The project aimed to reestablish an interconnected floodplain corridor by restoring the streams, riparian buffers and forested wetlands along the North Prong of Anderson Creek (NPAC), the main stream through the site. The streams and wetlands at the site had become degraded through poor grazing management, ditching and vegetation removal.
KCI conducted a thorough assessment, followed by design, permitting and construction of the site. To the extent practical, design elements were added with the goal of returning the site to its pre-disturbance, natural condition. Scientists incorporated design features to lift the bed of the channel, hold surface water in the wetlands, and treat runoff from cattle feedlots. The restoration plan called for filling and plugging ditches created in the drained hydric soil areas to restore hydrologic conditions. Incoming tributaries to the NPAC were returned to natural channel forms. Existing wetlands of marginal quality were enhanced by removing berms, treating invasive species, and partially filling and regarding open water impoundments. Restored areas were connected to a stream and wetland preservation area along the downstream end of the NPAC creating an interconnected wildlife corridor. Finally, a planting plan was developed and implemented to kick start the re-development of a functional Coastal Plain Small Swamp Stream community through the planting of species known to exist within these community types within the wetland microtopography created as part of the project.
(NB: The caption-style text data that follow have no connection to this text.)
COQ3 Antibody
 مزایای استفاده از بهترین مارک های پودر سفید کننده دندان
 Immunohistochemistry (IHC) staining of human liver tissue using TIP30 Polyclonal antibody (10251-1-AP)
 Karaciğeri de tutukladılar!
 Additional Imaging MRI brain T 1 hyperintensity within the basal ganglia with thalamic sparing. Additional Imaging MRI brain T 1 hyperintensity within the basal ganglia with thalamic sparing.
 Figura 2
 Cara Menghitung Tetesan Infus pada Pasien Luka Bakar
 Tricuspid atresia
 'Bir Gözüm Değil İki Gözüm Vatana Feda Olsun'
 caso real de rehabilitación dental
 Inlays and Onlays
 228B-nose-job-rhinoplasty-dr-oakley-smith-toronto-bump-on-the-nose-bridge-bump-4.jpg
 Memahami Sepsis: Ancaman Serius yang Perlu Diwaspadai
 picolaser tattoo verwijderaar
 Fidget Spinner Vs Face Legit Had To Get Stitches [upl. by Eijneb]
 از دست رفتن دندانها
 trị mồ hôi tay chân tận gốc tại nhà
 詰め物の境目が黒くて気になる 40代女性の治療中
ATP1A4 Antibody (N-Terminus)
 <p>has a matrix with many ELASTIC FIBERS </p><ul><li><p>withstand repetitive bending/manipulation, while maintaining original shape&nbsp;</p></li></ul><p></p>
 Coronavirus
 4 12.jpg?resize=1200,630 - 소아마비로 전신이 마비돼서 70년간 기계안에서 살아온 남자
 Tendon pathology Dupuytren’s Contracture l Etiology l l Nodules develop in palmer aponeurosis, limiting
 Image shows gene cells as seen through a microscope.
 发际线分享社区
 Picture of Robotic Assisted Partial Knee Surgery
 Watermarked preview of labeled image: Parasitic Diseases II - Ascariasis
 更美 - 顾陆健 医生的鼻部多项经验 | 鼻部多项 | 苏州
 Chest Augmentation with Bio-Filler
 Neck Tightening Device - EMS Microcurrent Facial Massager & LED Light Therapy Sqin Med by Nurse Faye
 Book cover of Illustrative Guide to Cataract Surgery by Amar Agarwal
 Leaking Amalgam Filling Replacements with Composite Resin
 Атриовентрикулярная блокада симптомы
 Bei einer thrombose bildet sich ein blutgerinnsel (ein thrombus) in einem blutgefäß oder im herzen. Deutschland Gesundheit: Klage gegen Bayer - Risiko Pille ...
We all want to feel like we are doing things to benefit the world, and the sustainability of our resources, and I think people were able to clearly see that the Farrar Dairy project offered that opportunity
Timothy J. MorrisPractice Leader
The project provided mitigation credit for stream and wetland impacts by restoring, enhancing, and preserving 13,044 linear feet of stream and 112 acres of wetland, while fulfilling the owner’s lifelong dream of converting a large portion of his property into a hunting preserve.